First the results….
Fuzzy search accuracy for commonly misspelled drug names using sphinx and solr with different stemmers
A little background:
We are about to add full text searching to our rails project, and we thought we would take a look a few different solutions for search. We have been using solr on an older project and were fairly happy with the results, just a little disappointed in the indexing speed. Also, solr plugins for rails seem to be a little fragmented at this point. acts_as_solr has no real home other than github where you have to play “pick a fork”. There are a few other libraries for solr (eg. Sunspot) in rails but none of them seem to be mature or very active.
We decided to try sphinx with the thinking_sphinx plugin. Our first impressions seemed to be very good. Extremely fast indexing, nice support for indexing associated models, and all around very easy to work with as a developer. But….
We are mostly searching non-English words (eg. last names).
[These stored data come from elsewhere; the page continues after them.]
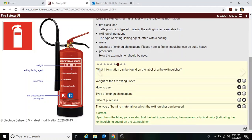There is usually a tag hanging on the fire extinguisher showing the signature of the inspector and when it was last inspected. You should always check the gauge to make sure it is in the green.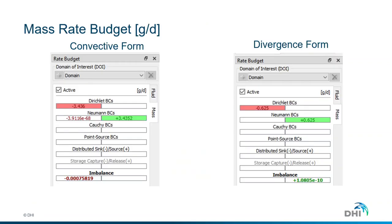In terms of budget, observing the mass rate budget panel in FIFLO, we have two major components: Dirichlet BC and Neumann BC. The Dirichlet BC corresponds to the hydraulic head BC on the right side of the domain. The Neumann BC corresponds to the fluid flux and the mass flux BC. There is also an imbalance term, which is significantly smaller compared to the Dirichlet or Neumann BC components. Therefore, this numerical imbalance is considered negligible and the mass balance is considered closed in this exercise.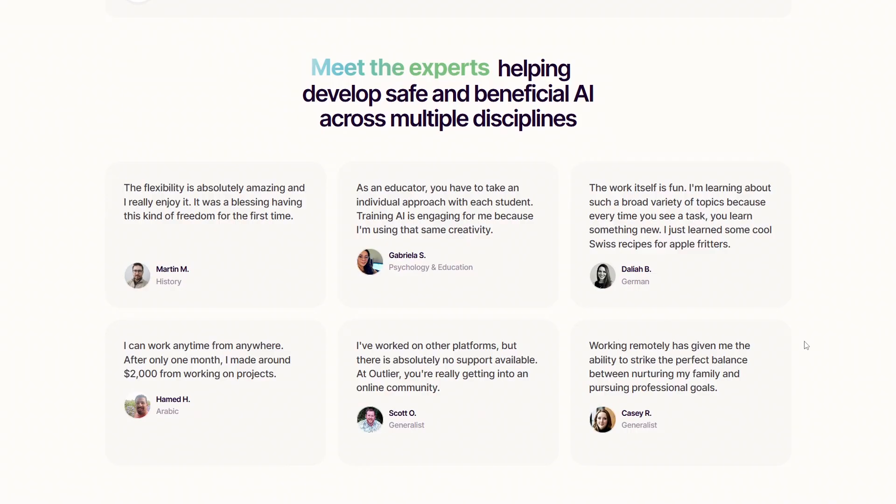Overall, Outlier has earned a good reputation among users. People like the flexibility and legitimacy of the work, but you'll need patience and consistency to build steady income. If you're interested in AI, enjoy giving feedback, and want something you can do from home, Outlier is definitely worth exploring.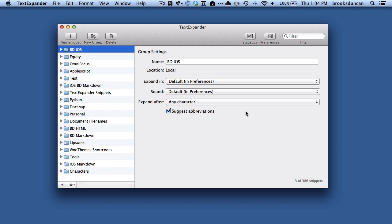Hey there, it's Brooks here from Documentsnap.com, and today we're going to be talking about searching our TextExpander snippets.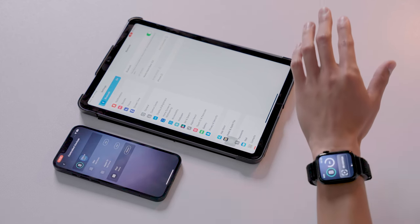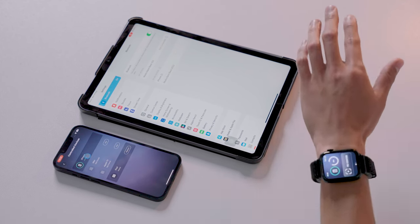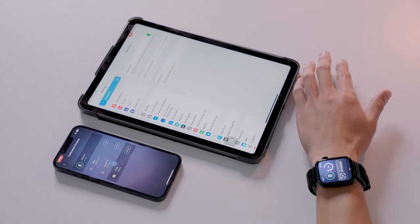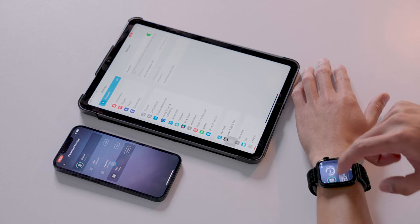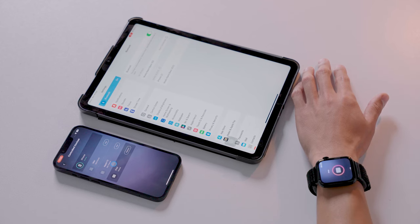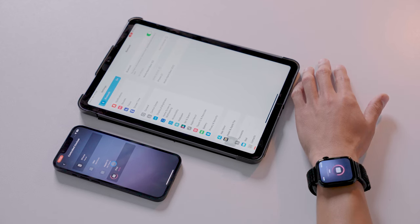To switch devices, swipe the watch face over to your desired device. The AirTouch will switch over to that device.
While using sphinx for a little while, we began to “feel” the search results were not as good as they had been in solr. With search results and open source search tools, your results basically boil down to what stemmer (algorithm) the tools are using to find the relevant results.
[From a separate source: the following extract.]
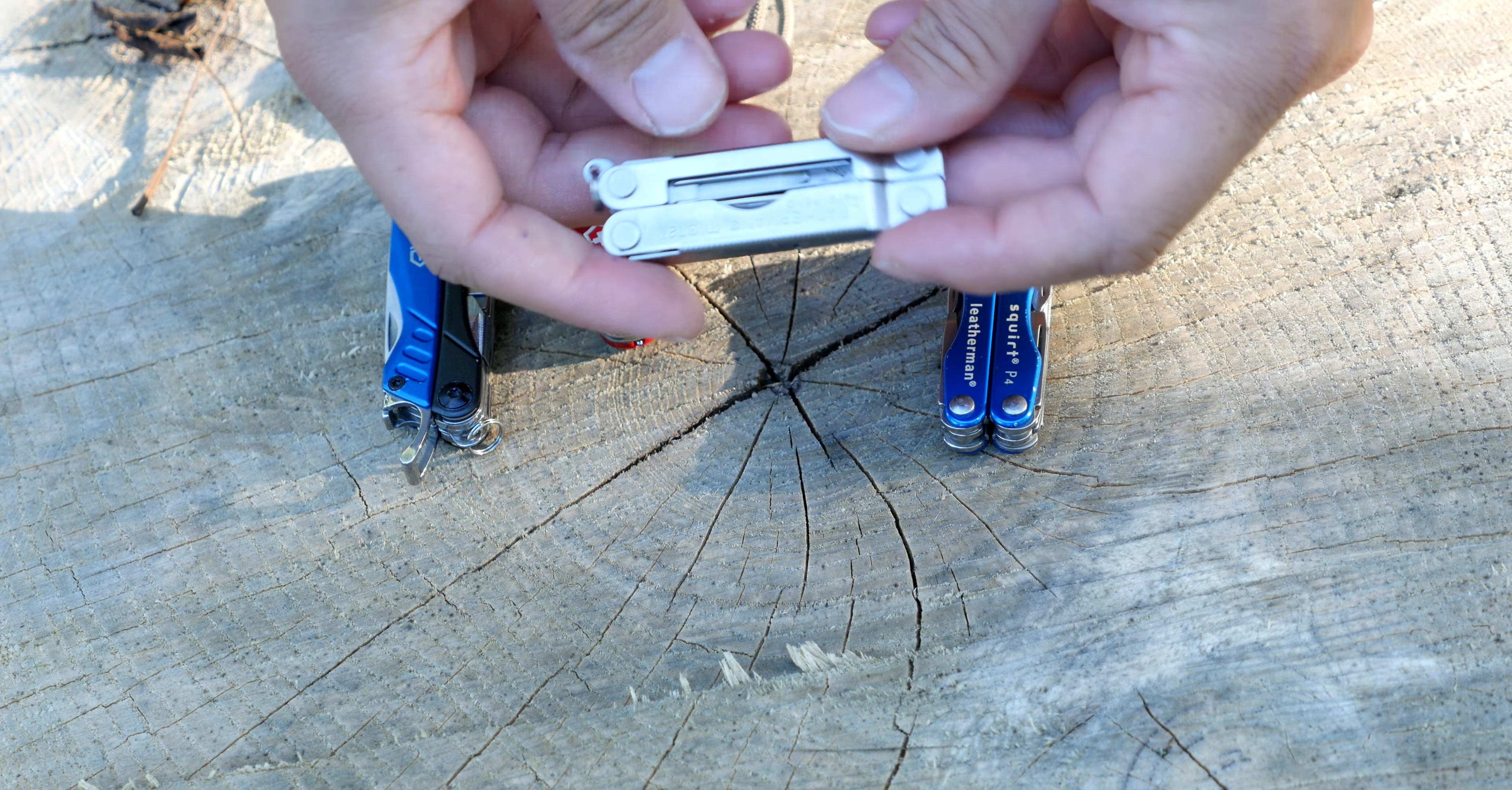On the outside this does feature a pair of tweezers. And we also have a bottle opener here. On this end we have a pair of scissors which are also spring loaded.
In order to get a quantifiable “score” for search results, I decided to write a little test script that would test the different configurations against a known set of drug names and there common misspellings found here. The script indexed the properly spelled drug names and then searched using the misspelled name. If the result was found in the top 10 results it was considered a match.
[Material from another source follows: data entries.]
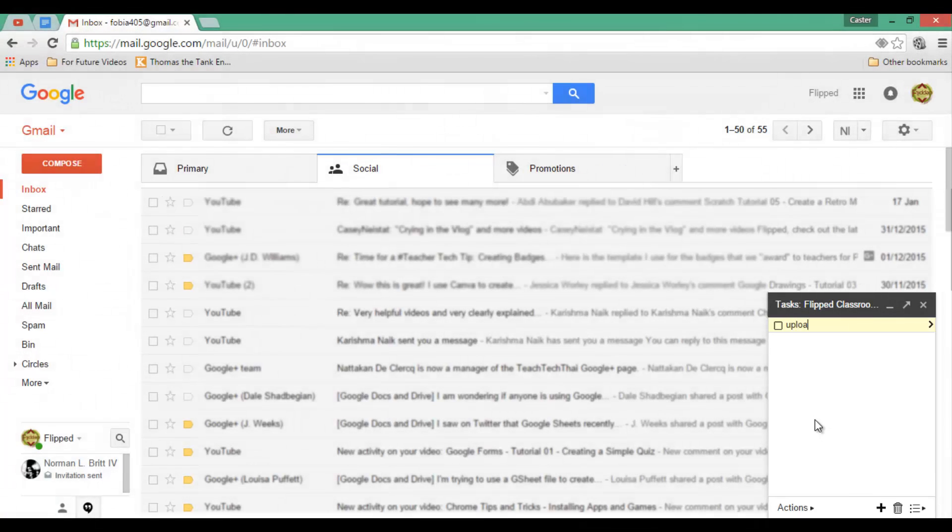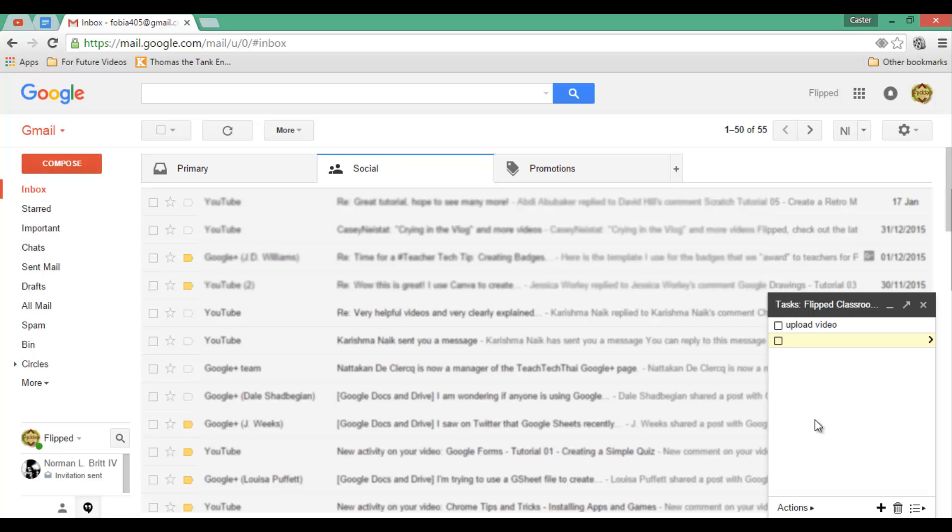I am going to add Upload Video, Enter. This is a very basic checklist where you can check off items, you can also uncheck them, and you can add information.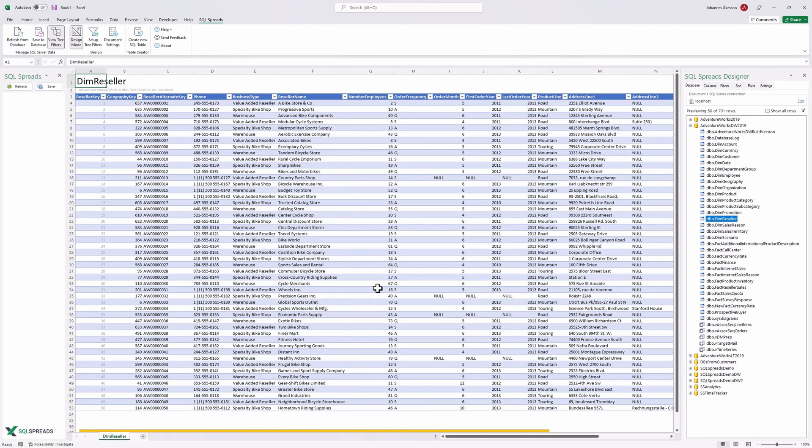In this introduction, I'll quickly show you how to install SQL Spreads and how to change your first values in SQL Server using Excel.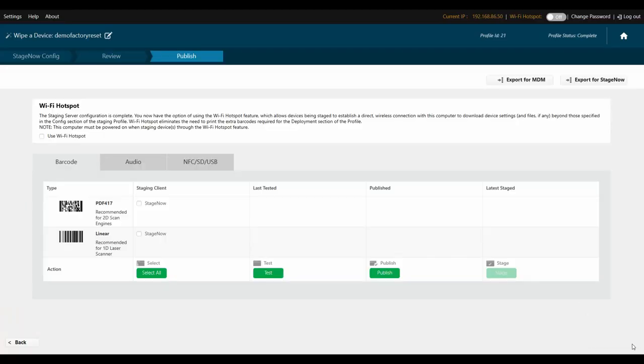All you need to do is check the box next to PDF417 for StageNow and click Test. StageNow will automatically generate the factory reset barcode for you. All you need to do to wipe a Zebra Technologies mobile computer is run the StageNow client, scan that barcode, and go make yourself a cup of coffee.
Above are the results using different stemmers (sphinx calls this “morphology” options) Solr obviously had the best results.
Solr uses the Levenshtein distance by default if you use the “~” fuzzy search operator. Unfortunately, sphinx does not have the option to use the Levenshtein distance, just soundex, metaphone among others.
So for now we have decided to move back to Solr and most likely a fork of acts_as_solr. Any other options out there for rails and solr?